Records for this exercise
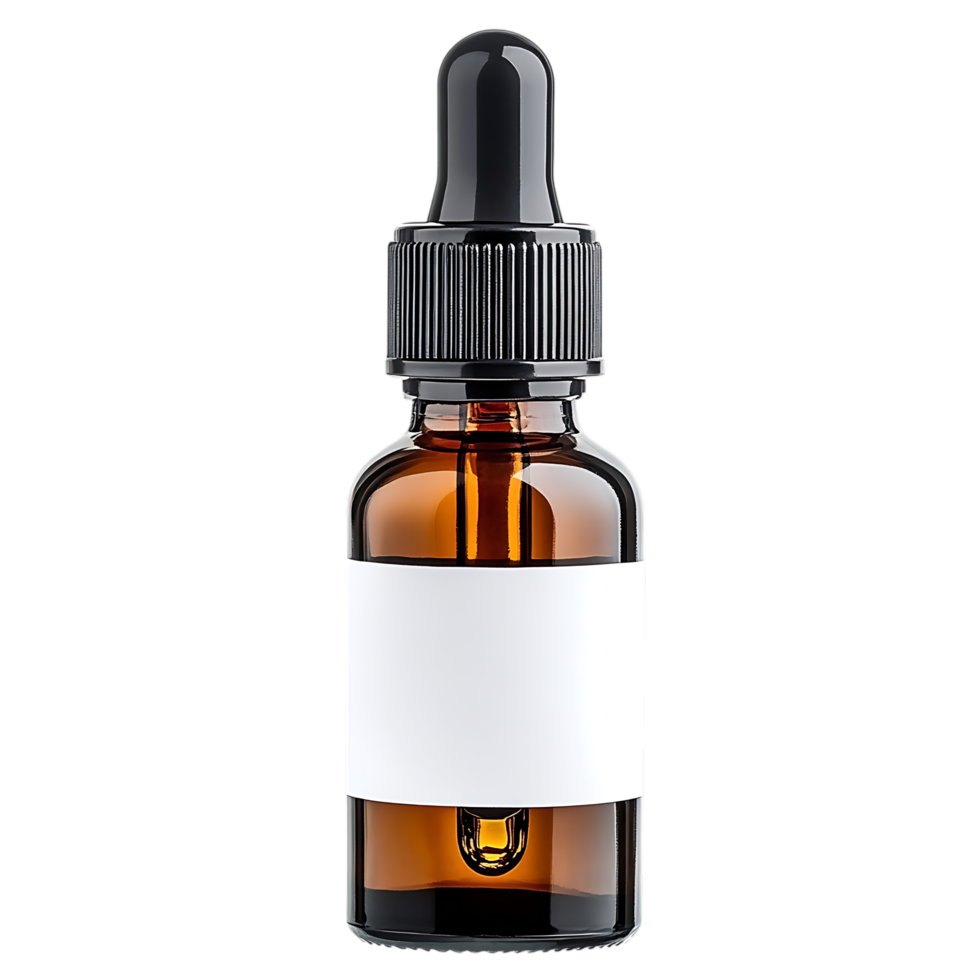 Amber glass dropper bottle with blank label isolated on a transparent png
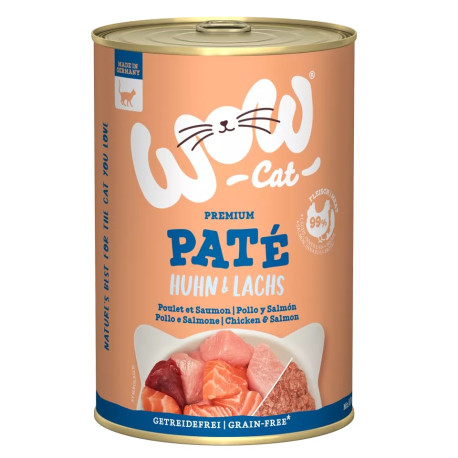 Adulto Pollo y salmón 400g - Paté para gato - Wow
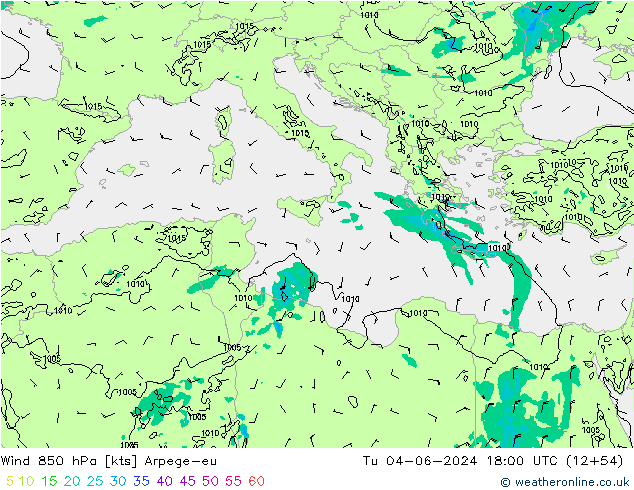 Wind 850 hPa Arpege-eu Tu 04.06.2024 18 UTC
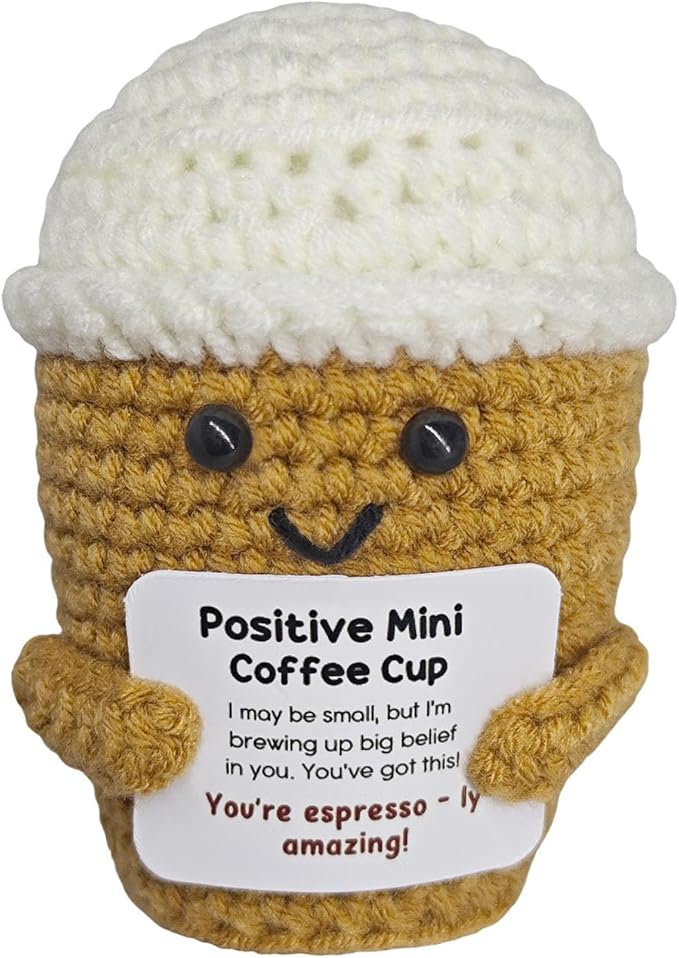 Funny Crochet Coffe Themed Gift - Unique Coffee Gifts for Women and Coffee Lover Gifts for Men,Valentine's Day Gift Idea with Emotional Support Coffe Mug,Office Desk Decor for Cofe Enthusiasts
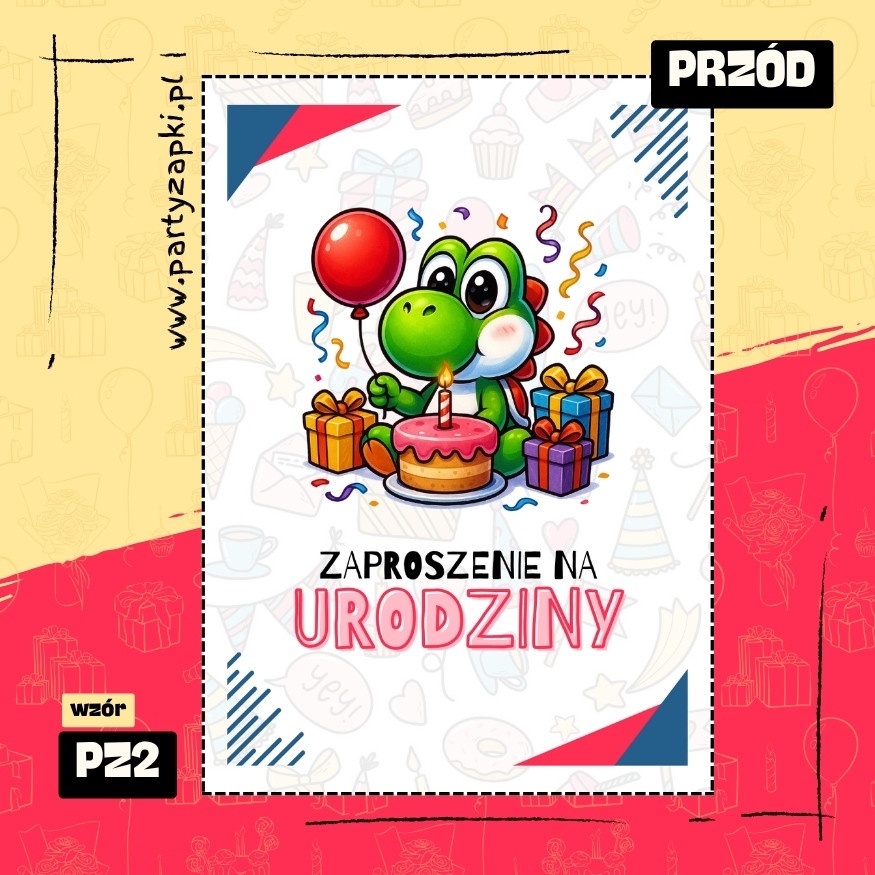 yoshi zaproszenie na urodziny 02 pz2 przod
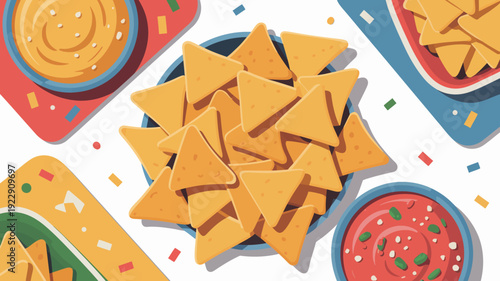 Top view colorful nachos platter with dips and fresh tomato salsa on festive party background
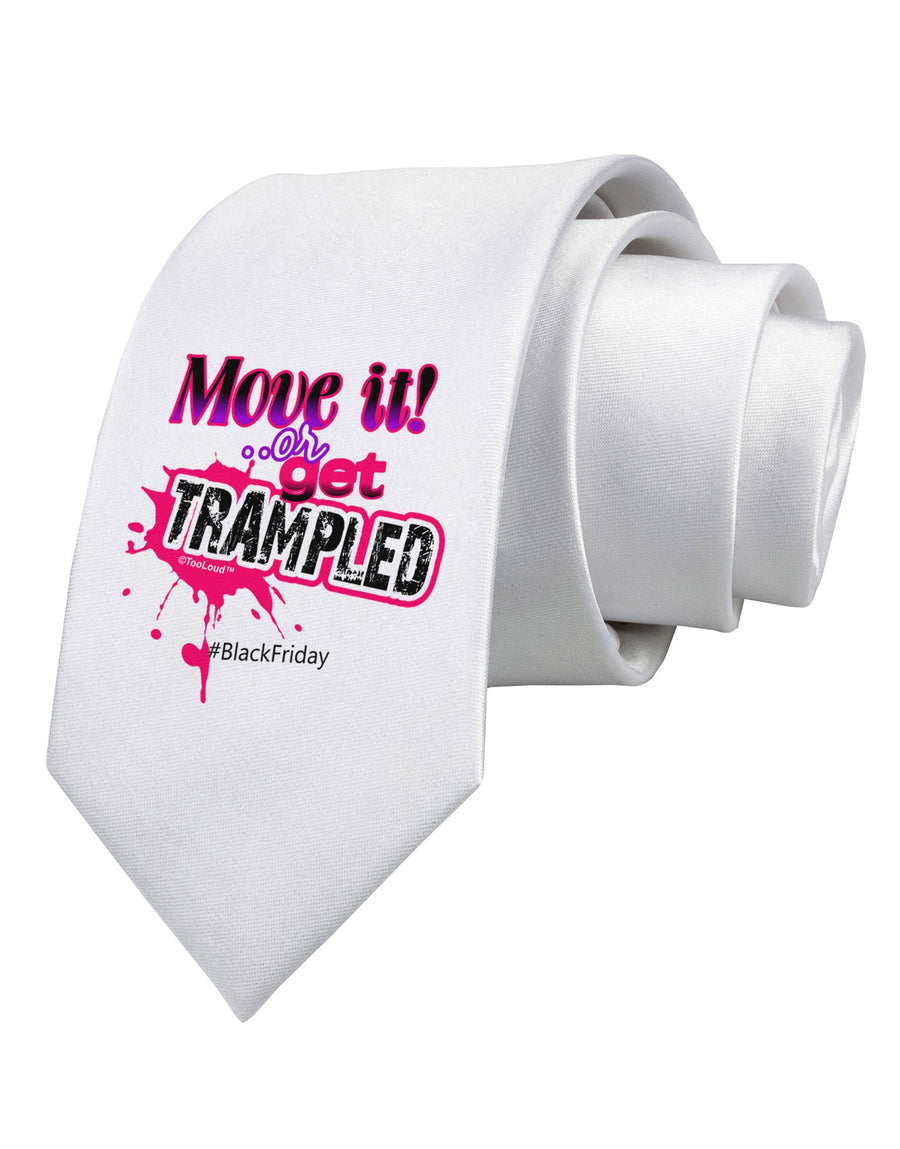 Move It Or Get Trampled Printed White Necktie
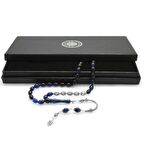 925 Ayar Gümüş Püsküllü Arpa Kesim Gümüş İsim Yazılı Mavi-Siyah Sıkma Kehribar Tesbih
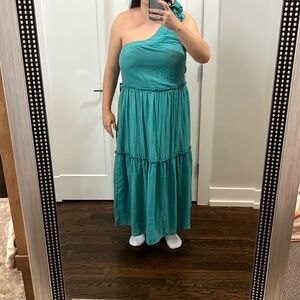 Turquoise One-Shoulder Midi Dress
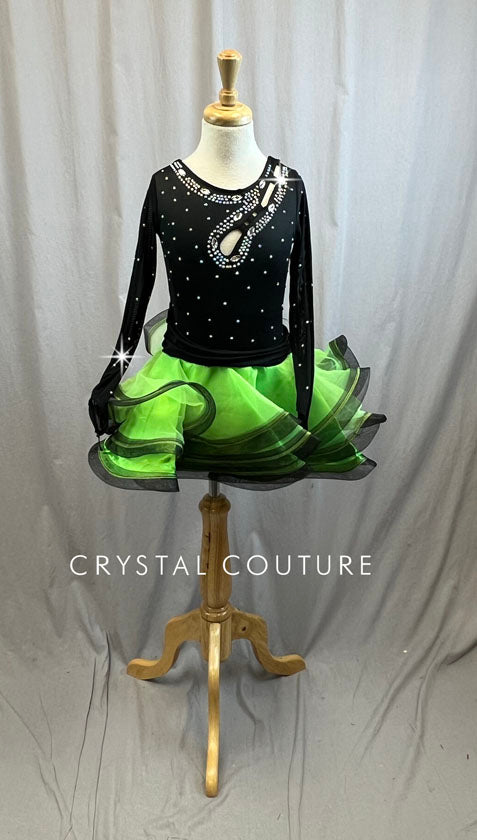 Black And Neon Green Lycra and Mesh Tutu -Rhinestones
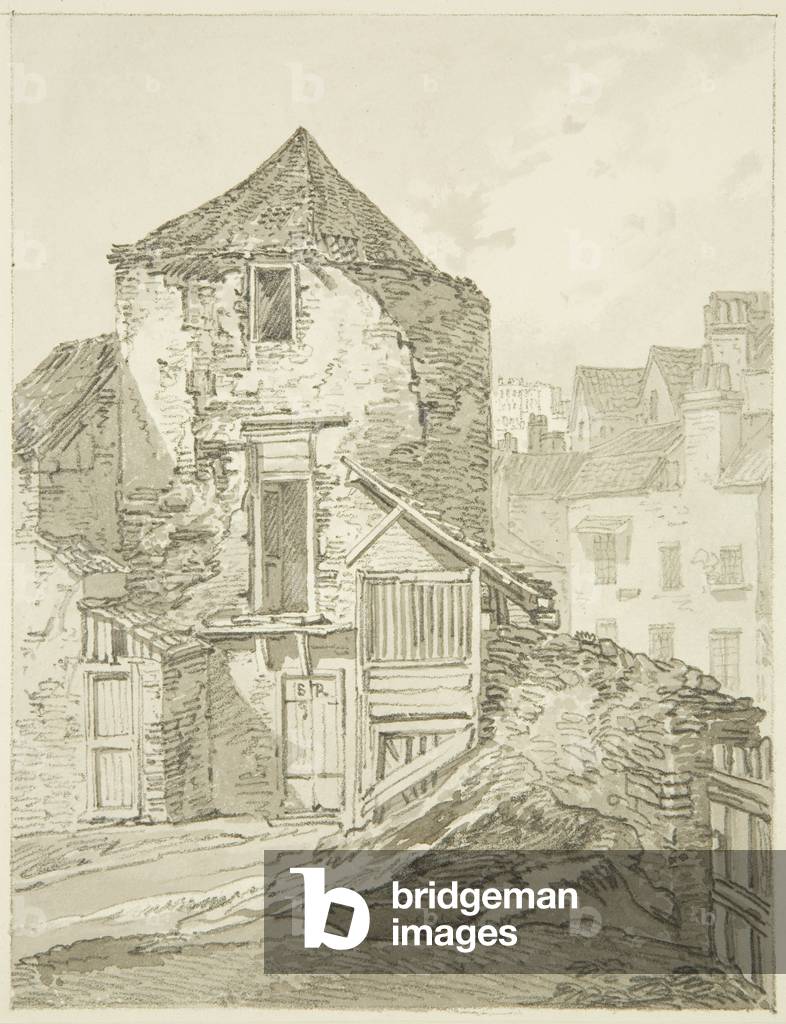 Immagine di Disegno "Un bastione vicino a Bridewell (matita e acquerello su carta)" di Hugh O'Neill, b/w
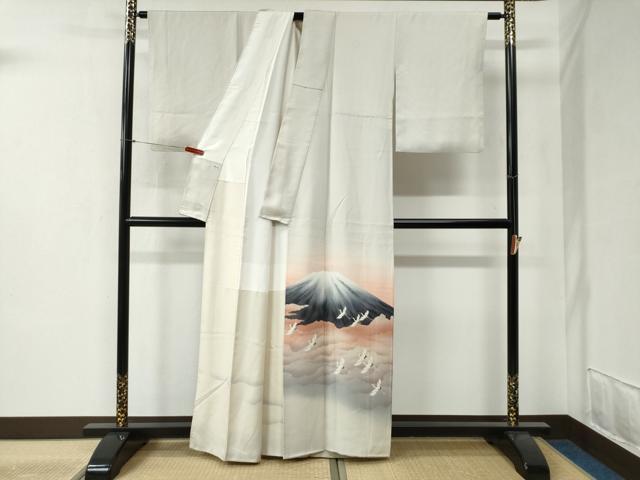 平和屋着物●近代日本画の巨匠 横山大観 じゅらく謹製 大観好み 富士山 飛鶴文 暈し染め 正絹 逸品 CABB4517yc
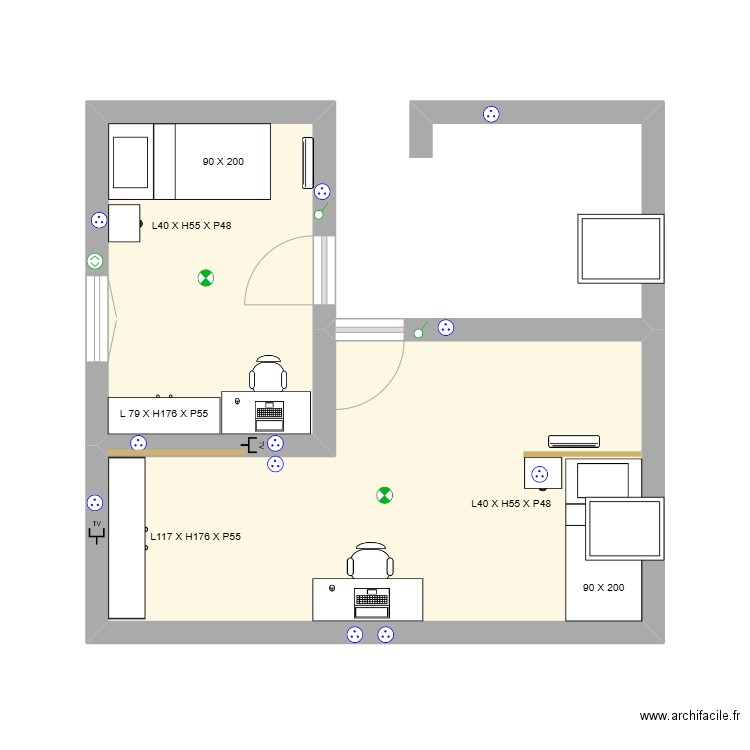 CHAMBRE DU HAUT. Plan de 2 pièces et 25 m2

What the task asks
Taking each record in turn, retype it exactly and drop any picture.

Solved problem
 Amber glass dropper bottle with blank label isolated on a transparent png
 Adulto Pollo y salmón 400g - Paté para gato - Wow
 Wind 850 hPa Arpege-eu Tu 04.06.2024 18 UTC
 Funny Crochet Coffe Themed Gift - Unique Coffee Gifts for Women and Coffee Lover Gifts for Men,Valentine's Day Gift Idea with Emotional Support Coffe Mug,Office Desk Decor for Cofe Enthusiasts
 yoshi zaproszenie na urodziny 02 pz2 przod
 Top view colorful nachos platter with dips and fresh tomato salsa on festive party background
 Move It Or Get Trampled Printed White Necktie
 925 Ayar Gümüş Püsküllü Arpa Kesim Gümüş İsim Yazılı Mavi-Siyah Sıkma Kehribar Tesbih
 Turquoise One-Shoulder Midi Dress
 Black And Neon Green Lycra and Mesh Tutu -Rhinestones
 Immagine di Disegno "Un bastione vicino a Bridewell (matita e acquerello su carta)" di Hugh O'Neill, b/w
 平和屋着物●近代日本画の巨匠 横山大観 じゅらく謹製 大観好み 富士山 飛鶴文 暈し染め 正絹 逸品 CABB4517yc
 CHAMBRE DU HAUT. Plan de 2 pièces et 25 m2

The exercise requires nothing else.